Tirer partie de l'immunité pour traiter le cancer : "Yes we can"

Le 09 - NOV - 2015

Congrès de la SFC 2015

Tirer partie de l'immunité
pour traiter le cancer : "Yes we can"

Après des décennies de tentatives décevantes, nous sommes enfin arrivés à tirer parti de l’immunité anti-tumorale. Lors du Congrès de la SFC, nous ferons le point sur cette thématique lors d’une session plénière didactique exceptionnelle :

  • Quels sont les principes de l’immunité anti-tumorale ?
  • Quelles sont les indications actuelles de ces immunothérapies ?
  • Quels sont les biomarqueurs ?
  • Quels sont les futurs développements de ces thérapies ?

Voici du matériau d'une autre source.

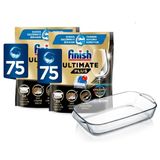 Finish Ultimate Plus Bulaşık Tableti, 2x75 Tablet, CycleSync Teknolojili, Borcam Dikdörtgen Fırın Kabı Dahil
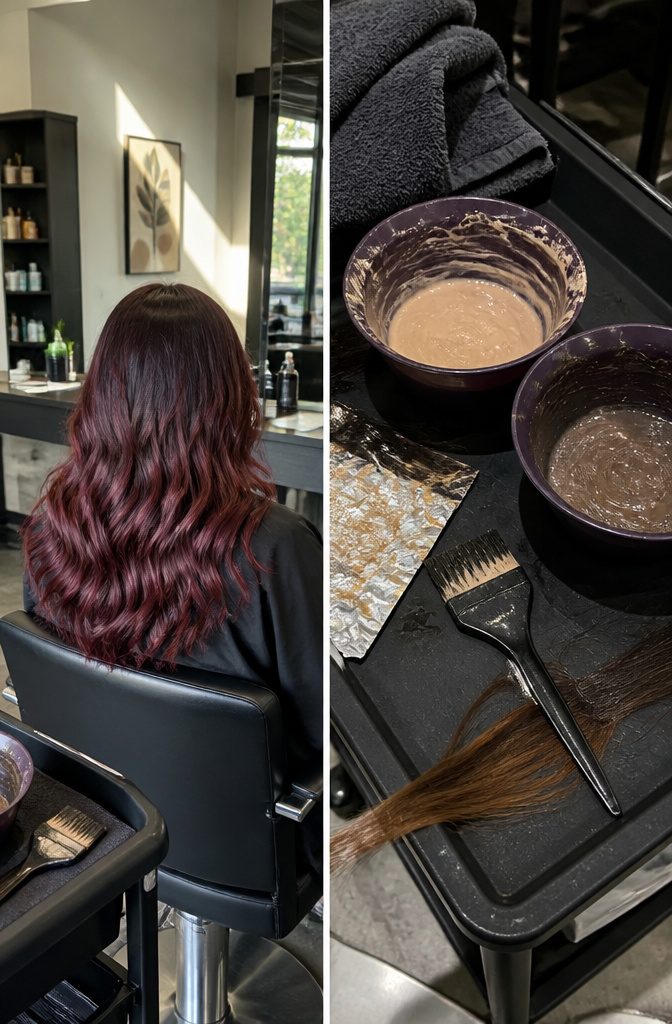 Hair showing natural roots and red-violet lengths as separate color starting points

Vous souhaitez comprendre les enjeux actuels et futurs de ces traitements ?
Vous mettre à jour sur ces voies thérapeutiques ?
Il fallait participer au Congrès de la SFC 2015

EN SAVOIR PLUS

La dissection de la régulation de la réponse immune antitumorale atteint un niveau efficace : les cancers à des degrés divers stimulent les lymphocytes T (LT) avec l’aide de molécules de costimulation (CD28, CD137, OX40…) et des molécules de costimulation inhibitrices comme CTLA-4 (cytotoxic T lymphocyte antigen 4), PD-1 (programmed cell death protein 1), LAG-3 (lymphocyte activation gene 3) qui sont secondairement induites sur les LT et vont, après interaction avec leurs ligands, inhiber la fonction « antitumorale » du lymphocyte T.
Le blocage de l’interaction de ces molécules inhibitrices par des anticorps spécifiques de chacune permet la réactivation des LT et des réponses antitumorales dans les tumeurs les plus testées (mélanome, cancers bronchiques).
Ces niveaux de restauration sont variables selon la tumeur, son stade et les costimulateurs inhibiteurs. Les réponses peuvent apparaitre après une augmentation du volume tumorale due à l’infiltration inflammatoire. Des toxicités endocriniennes et neurologiques particulières sont observées et doivent être connues.
Tous ces aspects seront développés le 24 juin lors du congrès de la SFC dans ce champ en expansion rapide. Toutes ces approches nouvelles et le contrôle de leur tolérance feront l’objet d’une session plénière indispensable au contrôle clinique de ces carrefours de signalisation.